Now whether a specific fellowship chooses to welcome child predators among their daughters and granddaughters is up to them. However, these women have no right to require such of other fellowships to prove their charity. These women also have no right to require all women’s councils to report back to them and demand they freely answer all their questions.
Structuring all women’s councils to go through one woman or one small group of women instills uncertainty and fear among the women. It ultimately poses the question in each woman’s mind participating in a council, “What if what I think God wants me to do contradicts what this board of directors thinks is right?” If we’ve reached that point already, then a system has already been set up that is incredibly flawed and hierarchal. Each individual answers to God and the idea of self-governance really shouldn’t be as radical as it seems at this point.
What we are seeing is a small group of women pursing organization as seen in the LDS church. In their minds, the clean lines of Relief Society groups and presidencies within those groups seem to be what our group needs. All the while, they ignore learning to truly integrate and fellowship among us using other means than what the religious organizations they’re familiar with use. And in their ignorance, they’ve created an issue regarding women’s councils that does not exist among us. But they don’t realize it because they do not know us. They judge from afar and create discord and havoc in their wake.
When one seeks power and craves the strongwoman’s chair, this concept of women’s councils, that is part of preserving the restoration, is lost. And yet in their minds, they are right because they fight for the underdog – all the while putting the rest of the community at risk, spiritually and physically. In an attempt to set themselves apart, to make their mark in the community, and prove their capability, the spirit of the Lord is forgotten. That is not humility, but pride. It will wear down the other women, thus centralizing all women’s councils at some point in the future. This is not wisdom, but foolishness. Don’t be foolish.
You shall not show mercy to the disobedient when to do so results in injustice to the people who seek to become one. You shall not forgive the adulterer and welcome him into the community when he has been forgiven and returns again to his sin. You shall not place the community at peril by embracing the willful and unrepentant among you, to leave your little ones at peril of injury, harm, and destruction (T&C 179:11).

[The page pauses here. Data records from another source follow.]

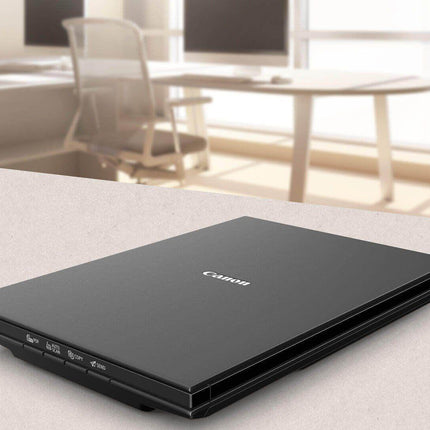 Scanner Canon Lide 300, dimensiune A4, tip flatbed, viteza scanare 2,2 msec./linie (300dpi), 14.8 msec./linie (2400 dpi), rezolutie optica 2400 x 4800dpi, senzor CIS, 4 butoane (PDF, AUTOSCAN, COPY, SEND), interfata: USB 2.0.
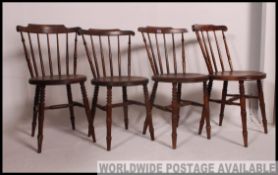 A set of 4 Victorian beech and elm windsor dining chairs raised on turned legs with circular seats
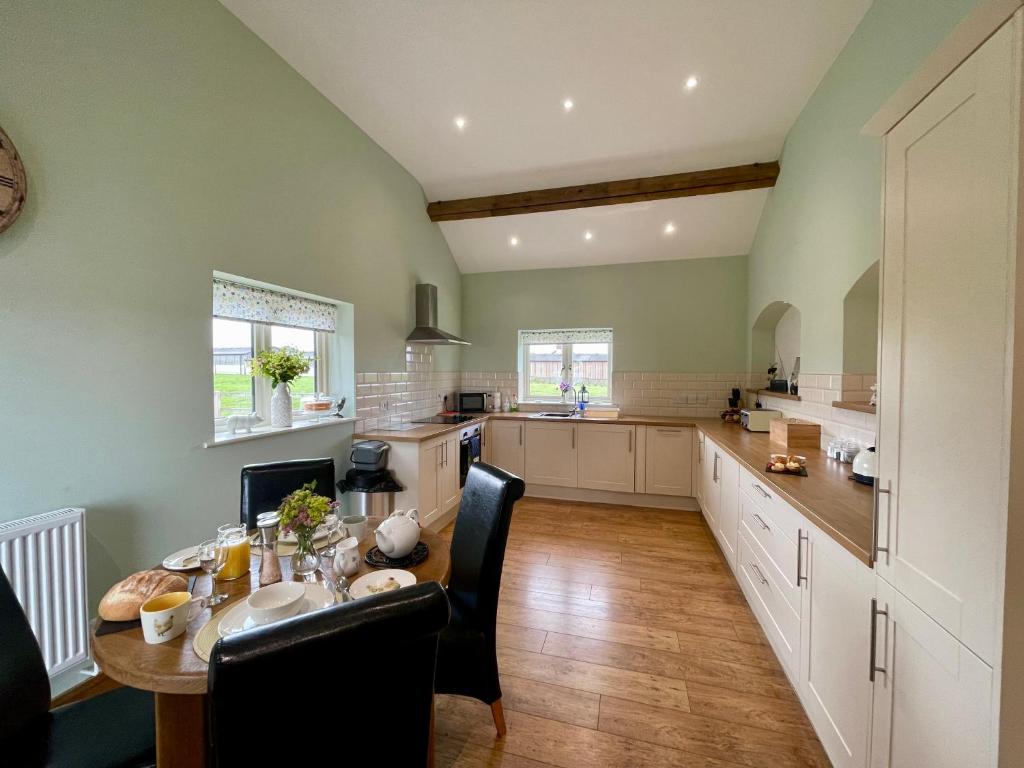 a large kitchen with a table and a dining room at Fieldsview in Wrexham
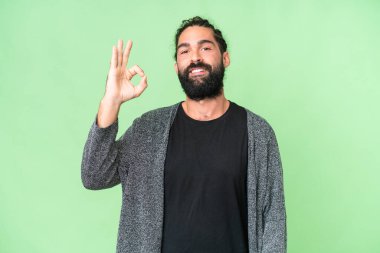 Sakallı genç adam izole edilmiş krom anahtar arka planda parmaklarıyla işaret gösteriyor.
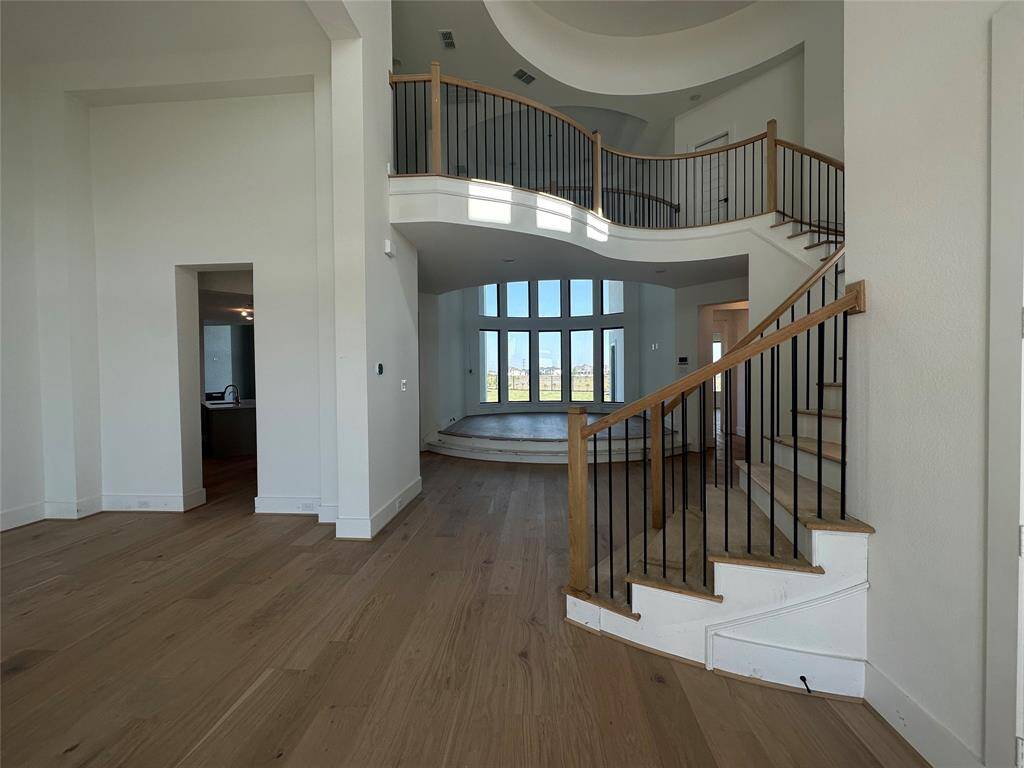 Grand Foyer view entering through the gorgeous double iron front doors with sites into the elegant Formal Dining Room, elevated two-story Living area, winding staircase and curved catwalk with lots of design appeal is coming along beautifully. Gorgeous hardwood flooring is soon to come that will run throughout.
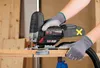 A person is using a cordless jigsaw to cut a piece of wood. Produktbild-Vorschau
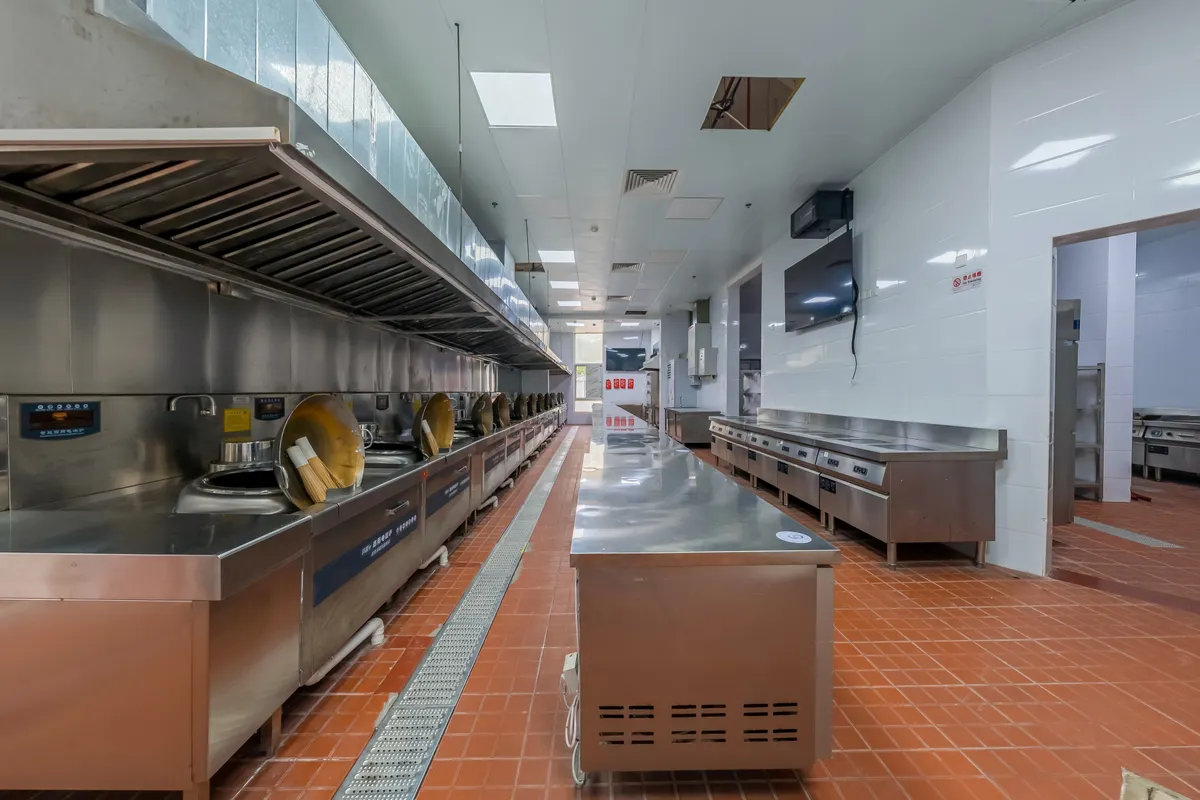 Cocina industrial de acero inoxidable, limpia y sin gente, con suelo de baldosa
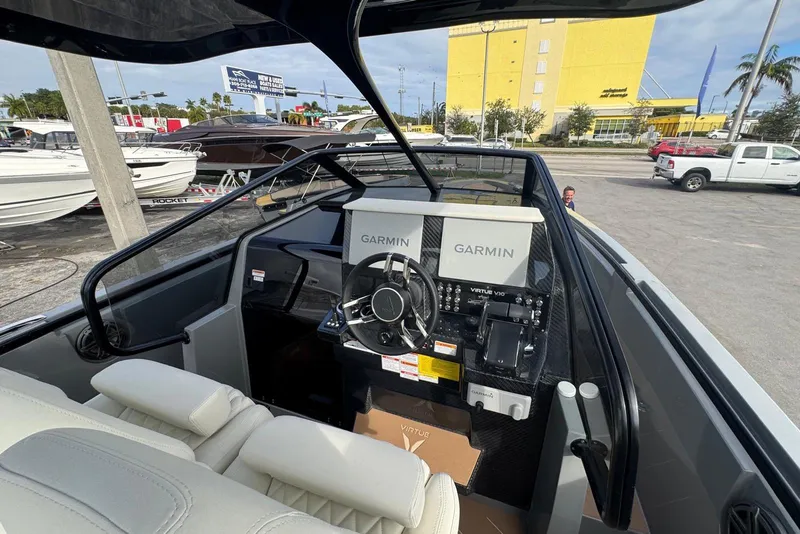 Slide: The Image of Virtue V10 2026 boat with dual engines on calm water, scenic marina backdrop. - 66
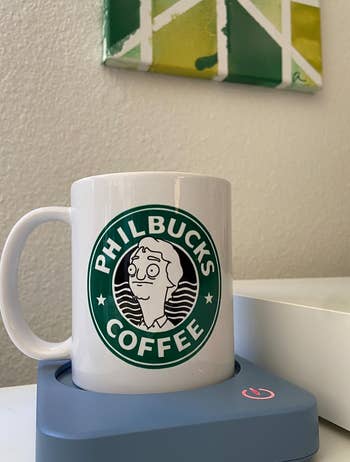 another reviewer's Philbucks mug on the blue warming device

“You shall not show mercy to the disobedient when to do so results in injustice to the people who seek to become one.” You don’t fight for the underdog at the expense of the peaceful followers of Christ seeking to unify.
“You shall not forgive the adulterer and welcome him back into the community where he has been forgiven and returns again to his sin.” Forgiveness and reintegration into the community are separate actions. A mother with young children should not be forced to fellowship with a pedophile who has not been proven to pose no danger. And why should her family be the testing grounds for his repentance?
What are you requiring of this community and these little children that we, including the men, are commanded to protect when you set yourself up as a chief judge among all these women’s councils?
Perhaps wisdom and common sense coincide more often than we think.